Mettre la cyber-résilience au centre des préoccupations en Afrique

Les efforts pour mettre en avant des enjeux complexes comme le changement climatique pourraient s’appliquer à la cybersécurité.

Publié le 21 novembre 2022 dans ISS Today

Par

Karen Allen
consultante, ISS Pretoria

À l’heure où les yeux du monde entier sont tournés vers la Conférence des Nations unies sur le changement climatique (COP27) à Charm el-Cheikh, comment peut-on retenir l’attention des décideurs politiques africains sur des enjeux à long terme, complexes et multidimensionnels. Et comment y insuffler un sentiment d’urgence, afin que les gouvernements réagissent au plus vite.

À l’instar du changement climatique, la question du cyberespace peut sembler lointaine, dans de nombreuses régions d’Afrique où le chômage et la pauvreté se disputent l’attention des politiques.
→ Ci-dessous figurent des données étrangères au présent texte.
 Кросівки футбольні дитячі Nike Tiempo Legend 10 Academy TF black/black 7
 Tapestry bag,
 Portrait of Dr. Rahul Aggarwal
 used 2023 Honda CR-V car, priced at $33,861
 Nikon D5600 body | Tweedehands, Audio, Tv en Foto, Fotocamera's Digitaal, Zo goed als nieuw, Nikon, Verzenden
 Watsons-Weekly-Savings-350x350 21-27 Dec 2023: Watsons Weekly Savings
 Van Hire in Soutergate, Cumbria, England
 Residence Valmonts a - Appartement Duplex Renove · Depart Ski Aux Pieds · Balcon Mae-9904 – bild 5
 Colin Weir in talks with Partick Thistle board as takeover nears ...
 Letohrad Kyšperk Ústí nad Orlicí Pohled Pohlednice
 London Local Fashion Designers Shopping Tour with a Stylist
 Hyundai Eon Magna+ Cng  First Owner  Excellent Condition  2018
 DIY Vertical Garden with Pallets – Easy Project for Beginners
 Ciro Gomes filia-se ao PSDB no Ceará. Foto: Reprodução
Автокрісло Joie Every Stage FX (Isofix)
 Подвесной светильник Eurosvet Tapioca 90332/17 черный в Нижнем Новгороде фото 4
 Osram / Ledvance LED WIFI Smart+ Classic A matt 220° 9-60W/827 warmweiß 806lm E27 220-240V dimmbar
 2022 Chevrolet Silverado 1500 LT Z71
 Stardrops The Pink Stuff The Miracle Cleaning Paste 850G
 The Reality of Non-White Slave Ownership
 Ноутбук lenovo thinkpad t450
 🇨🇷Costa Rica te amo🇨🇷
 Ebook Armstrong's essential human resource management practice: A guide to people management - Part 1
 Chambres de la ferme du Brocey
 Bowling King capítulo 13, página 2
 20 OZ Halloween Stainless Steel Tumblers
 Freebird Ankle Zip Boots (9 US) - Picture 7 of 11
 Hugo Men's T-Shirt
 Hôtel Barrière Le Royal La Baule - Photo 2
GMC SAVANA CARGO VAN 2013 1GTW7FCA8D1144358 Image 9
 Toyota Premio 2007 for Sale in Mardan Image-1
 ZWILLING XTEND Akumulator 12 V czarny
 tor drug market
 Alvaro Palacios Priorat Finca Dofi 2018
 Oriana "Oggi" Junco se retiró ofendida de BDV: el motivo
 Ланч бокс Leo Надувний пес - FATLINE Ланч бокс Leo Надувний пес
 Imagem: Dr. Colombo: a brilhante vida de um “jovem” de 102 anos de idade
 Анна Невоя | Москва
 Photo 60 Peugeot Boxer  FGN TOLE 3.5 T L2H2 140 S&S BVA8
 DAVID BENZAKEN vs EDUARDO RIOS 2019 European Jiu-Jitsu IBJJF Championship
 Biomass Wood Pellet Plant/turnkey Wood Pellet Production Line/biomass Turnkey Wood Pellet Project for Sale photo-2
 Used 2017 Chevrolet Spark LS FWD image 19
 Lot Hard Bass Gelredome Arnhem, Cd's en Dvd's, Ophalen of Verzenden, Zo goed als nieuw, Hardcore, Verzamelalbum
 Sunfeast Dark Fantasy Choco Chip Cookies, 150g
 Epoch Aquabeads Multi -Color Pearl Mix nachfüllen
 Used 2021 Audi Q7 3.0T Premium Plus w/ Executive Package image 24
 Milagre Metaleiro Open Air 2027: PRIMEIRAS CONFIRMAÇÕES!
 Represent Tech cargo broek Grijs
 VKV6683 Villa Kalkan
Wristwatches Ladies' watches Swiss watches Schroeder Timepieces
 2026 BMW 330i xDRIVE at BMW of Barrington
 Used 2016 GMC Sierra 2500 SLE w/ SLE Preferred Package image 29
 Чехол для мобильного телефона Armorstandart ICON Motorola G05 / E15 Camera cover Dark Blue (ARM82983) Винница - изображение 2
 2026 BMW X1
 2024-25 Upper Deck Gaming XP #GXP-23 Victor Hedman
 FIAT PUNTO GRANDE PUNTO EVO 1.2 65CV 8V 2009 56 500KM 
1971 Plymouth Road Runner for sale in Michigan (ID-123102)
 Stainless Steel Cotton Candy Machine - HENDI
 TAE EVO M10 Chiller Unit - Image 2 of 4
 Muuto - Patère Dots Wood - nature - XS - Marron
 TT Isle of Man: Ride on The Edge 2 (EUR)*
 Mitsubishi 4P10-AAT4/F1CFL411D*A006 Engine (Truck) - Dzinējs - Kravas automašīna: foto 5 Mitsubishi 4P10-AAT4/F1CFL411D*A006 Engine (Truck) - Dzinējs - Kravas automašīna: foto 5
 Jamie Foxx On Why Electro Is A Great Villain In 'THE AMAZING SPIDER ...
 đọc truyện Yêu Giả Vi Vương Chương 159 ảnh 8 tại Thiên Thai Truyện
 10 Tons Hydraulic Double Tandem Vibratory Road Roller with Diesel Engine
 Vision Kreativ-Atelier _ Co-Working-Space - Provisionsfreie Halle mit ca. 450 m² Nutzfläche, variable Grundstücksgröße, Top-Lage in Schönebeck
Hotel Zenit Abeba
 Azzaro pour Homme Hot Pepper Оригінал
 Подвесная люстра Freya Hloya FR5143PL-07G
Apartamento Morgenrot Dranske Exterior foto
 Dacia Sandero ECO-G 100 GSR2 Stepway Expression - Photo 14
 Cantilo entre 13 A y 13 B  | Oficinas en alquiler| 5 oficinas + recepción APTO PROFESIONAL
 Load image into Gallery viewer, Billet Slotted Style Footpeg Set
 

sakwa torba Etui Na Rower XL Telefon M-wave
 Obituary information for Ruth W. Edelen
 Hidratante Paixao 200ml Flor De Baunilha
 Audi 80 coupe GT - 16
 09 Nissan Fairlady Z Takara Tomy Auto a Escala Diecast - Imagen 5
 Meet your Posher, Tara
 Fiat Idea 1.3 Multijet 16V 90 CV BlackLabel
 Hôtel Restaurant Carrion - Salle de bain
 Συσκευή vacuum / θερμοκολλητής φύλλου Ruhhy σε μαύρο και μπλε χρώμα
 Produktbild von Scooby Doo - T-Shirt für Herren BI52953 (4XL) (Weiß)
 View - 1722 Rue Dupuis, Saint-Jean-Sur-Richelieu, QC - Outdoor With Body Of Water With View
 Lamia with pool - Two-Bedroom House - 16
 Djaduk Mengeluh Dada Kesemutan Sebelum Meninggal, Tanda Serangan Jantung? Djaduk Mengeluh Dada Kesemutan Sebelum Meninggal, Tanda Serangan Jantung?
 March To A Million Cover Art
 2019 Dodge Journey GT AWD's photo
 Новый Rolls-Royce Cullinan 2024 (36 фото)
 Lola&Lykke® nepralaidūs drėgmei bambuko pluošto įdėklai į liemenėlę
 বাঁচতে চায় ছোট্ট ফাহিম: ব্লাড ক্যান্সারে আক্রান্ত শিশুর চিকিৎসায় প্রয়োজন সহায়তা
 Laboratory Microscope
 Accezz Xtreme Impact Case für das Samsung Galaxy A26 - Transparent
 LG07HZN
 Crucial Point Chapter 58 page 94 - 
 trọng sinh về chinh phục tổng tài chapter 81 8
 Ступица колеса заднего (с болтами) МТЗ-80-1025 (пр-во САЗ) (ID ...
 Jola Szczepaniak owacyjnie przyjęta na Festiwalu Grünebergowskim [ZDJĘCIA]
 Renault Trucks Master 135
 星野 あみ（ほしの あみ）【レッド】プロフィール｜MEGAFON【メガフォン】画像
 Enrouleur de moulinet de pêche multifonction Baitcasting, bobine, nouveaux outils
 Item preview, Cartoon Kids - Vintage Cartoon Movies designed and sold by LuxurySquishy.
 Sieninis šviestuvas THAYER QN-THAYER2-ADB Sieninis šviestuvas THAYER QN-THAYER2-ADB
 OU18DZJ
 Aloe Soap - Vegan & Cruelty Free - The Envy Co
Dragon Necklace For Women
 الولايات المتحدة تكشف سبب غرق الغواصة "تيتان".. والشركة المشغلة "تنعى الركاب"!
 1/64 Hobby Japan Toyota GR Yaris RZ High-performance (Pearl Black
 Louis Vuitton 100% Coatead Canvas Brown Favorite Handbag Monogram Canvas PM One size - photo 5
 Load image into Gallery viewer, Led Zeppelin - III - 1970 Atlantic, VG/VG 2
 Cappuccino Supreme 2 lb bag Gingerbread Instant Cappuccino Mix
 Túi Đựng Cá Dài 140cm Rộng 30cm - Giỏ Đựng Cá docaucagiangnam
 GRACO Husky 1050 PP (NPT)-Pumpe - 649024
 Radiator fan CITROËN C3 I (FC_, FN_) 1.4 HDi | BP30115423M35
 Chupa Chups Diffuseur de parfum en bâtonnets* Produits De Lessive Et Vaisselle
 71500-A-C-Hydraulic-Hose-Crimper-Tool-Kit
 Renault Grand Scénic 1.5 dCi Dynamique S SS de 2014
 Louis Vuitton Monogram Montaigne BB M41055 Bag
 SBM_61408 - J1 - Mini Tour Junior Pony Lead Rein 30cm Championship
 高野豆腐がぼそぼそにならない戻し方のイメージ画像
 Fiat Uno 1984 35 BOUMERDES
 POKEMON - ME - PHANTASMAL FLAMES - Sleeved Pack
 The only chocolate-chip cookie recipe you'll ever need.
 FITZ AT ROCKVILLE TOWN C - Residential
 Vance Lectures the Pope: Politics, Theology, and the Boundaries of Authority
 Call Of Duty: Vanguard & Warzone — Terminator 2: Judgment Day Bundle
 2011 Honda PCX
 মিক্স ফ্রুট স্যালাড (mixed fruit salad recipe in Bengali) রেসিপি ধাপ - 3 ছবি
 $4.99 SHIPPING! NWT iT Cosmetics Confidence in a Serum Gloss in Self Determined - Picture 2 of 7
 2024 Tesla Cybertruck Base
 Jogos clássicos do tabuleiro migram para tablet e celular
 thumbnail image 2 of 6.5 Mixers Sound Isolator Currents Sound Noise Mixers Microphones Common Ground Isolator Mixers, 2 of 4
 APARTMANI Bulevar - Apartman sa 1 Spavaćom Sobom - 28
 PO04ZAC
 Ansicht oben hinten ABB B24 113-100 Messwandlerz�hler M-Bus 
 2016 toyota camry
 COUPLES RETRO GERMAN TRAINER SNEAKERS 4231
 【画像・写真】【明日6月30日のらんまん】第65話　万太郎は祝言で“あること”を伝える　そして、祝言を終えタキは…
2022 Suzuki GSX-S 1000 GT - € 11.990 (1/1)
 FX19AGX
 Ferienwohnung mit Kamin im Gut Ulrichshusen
Pourtant, la manière dont la résilience climatique a été mise en avant peut servir de leçon pour promouvoir l’agenda du cyberespace.

Les inondations dans le KwaZulu-Natal ont donné lieu à une étude de l’initiative World Weather Attribution qui a établi un lien entre les fortes précipitations et le changement climatique. Cela a certainement servi de rappel salutaire aux Sud-Africains quant au caractère bien réel du réchauffement de la planète.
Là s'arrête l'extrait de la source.